You install the package and configure it like this in Program.cs:

builder.Services.AddHttpClient(ApiEnqueuerOptions.DefaultHttpClientName).ConfigureHttpClient(client =>
{
    client.BaseAddress = new Uri("https://the-url-to-the-api.com/");
});
builder.Services.AddNexusApiEnqueuers(options =>
{
    // Important to register assemblies which contains IQueueMessage classes
    options.AssembliesToScanForQueueMessages.Add(typeof(MyMessage).Assembly);
});

This will find all IQueueMessage classes and register IEnqueuer<TMessage>s for them that can be used to enqueue messages through the API. This means that you don't have to reference any of the other NuGet packages, and your deployed application won't need access to the database.

Registering an HTTP client is important since it lets you set the url to the API as well as setting additional headers such as authentication. If you don't want the default HTTP client name you can change it by doing:

builder.Services.AddHttpClient("my-http-client").ConfigureHttpClient(...);
builder.Services.AddNexusApiEnqueuers(options =>
{
    options.HttpClientName = "my-http-client";
});

If you need to differentiate between an API enqueuer, a database, or virtual enqueuer there's these additional interfaces that you can use to check against: IApiEnqueuer, IVirtualEnqueuer, and IDatabaseEnqueuer.

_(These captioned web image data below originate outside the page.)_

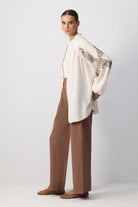 Back view of a woman wearing a cream embroidered kimono with sequin detailing and wide sleeves.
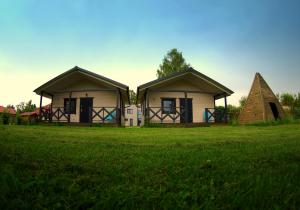 Deux petites maisons dans un champ d'herbe dans l'établissement Domki letniskowe Babie Doły, à Gdynia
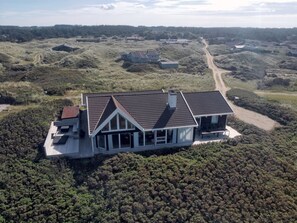 An aerial view of a modern house with a sloped roof, surrounded by dense vegetation and a dirt road.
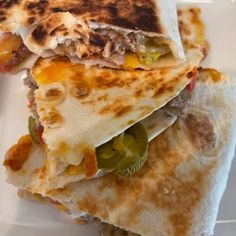 two quesadillas stacked on top of each other with peppers and meat in the middle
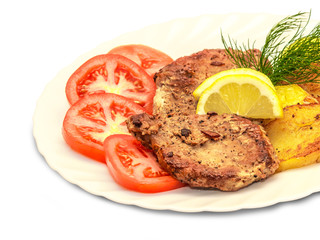 roasted steak meat with vegetables isolated on white background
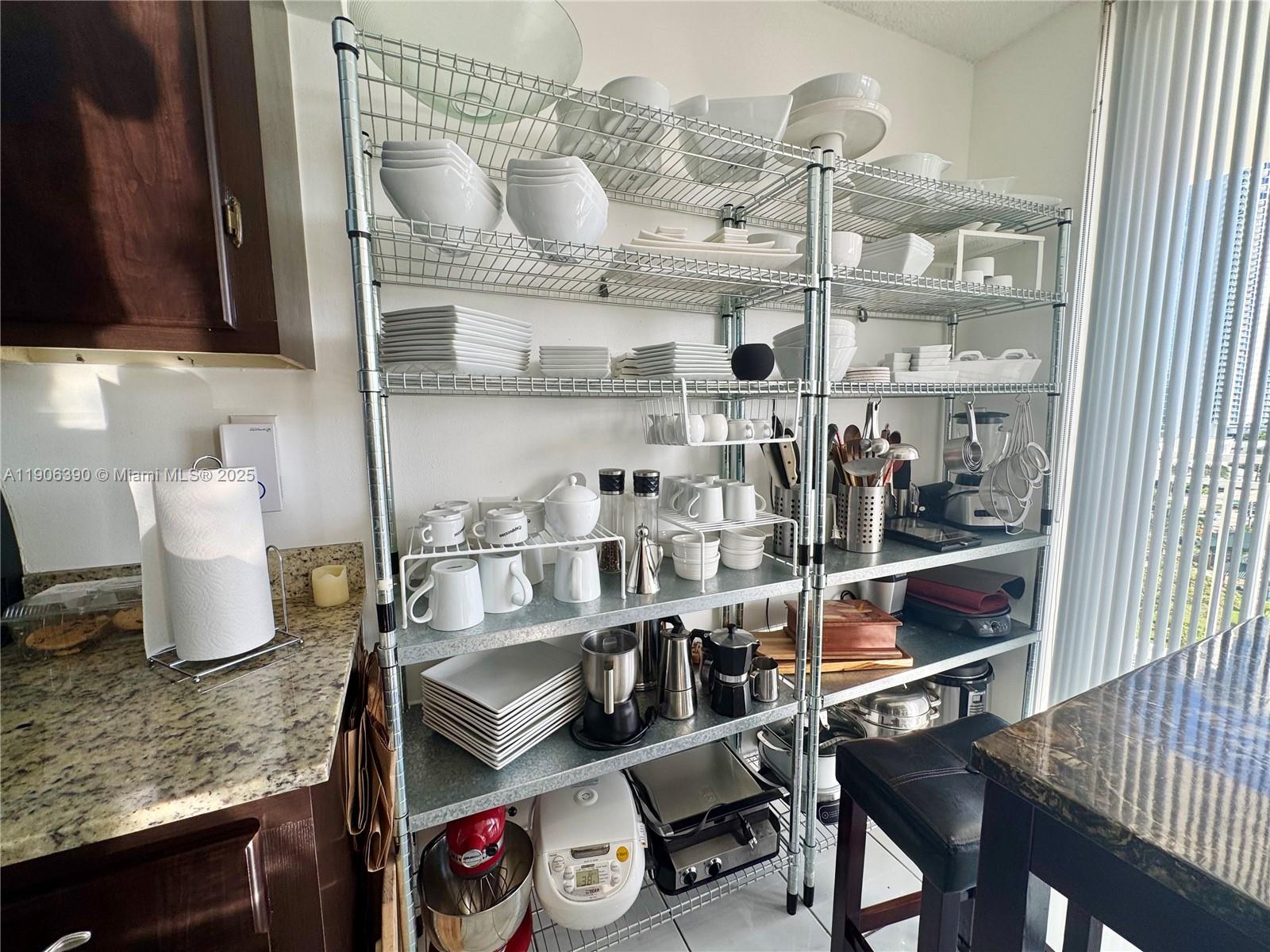 210 174th Street, Unit 1002 Sunny Isles Beach, FL 33160 - Photo 17 of 34 a kitchen with a refrigerator and cabinets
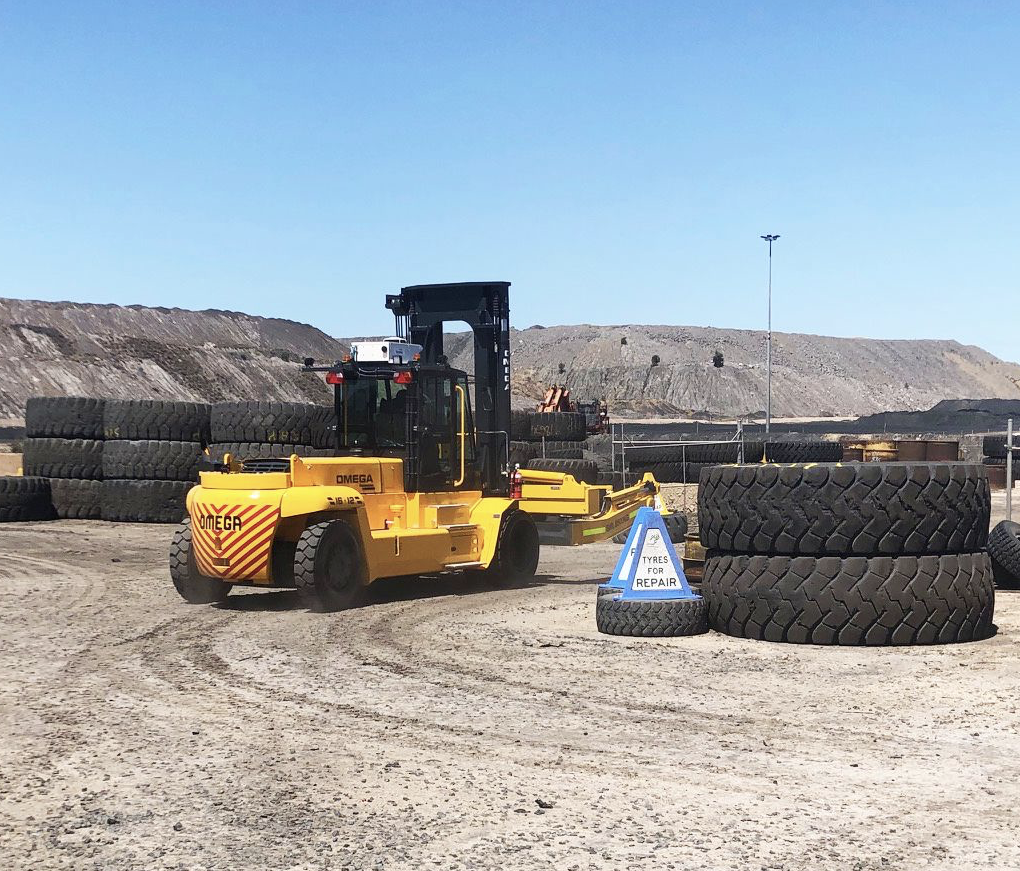 An off the road forklift in a dirt area with tires.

Enqueueing over HTTP using the API

If you want to enueue over the API yourself without using the CommerceMind.Nexus.Queueing.ApiClient that's of course also possible, but should only be done if you really can't use the API client package. Such as if you want to enqueue from a non-.NET solution.

The included API has endpoints to enqueue messages over HTTP, more specifically the endpoints POST /api/queues/{queueName} and POST /api/queues/{queueName}/batch that you can find in the Swagger docs.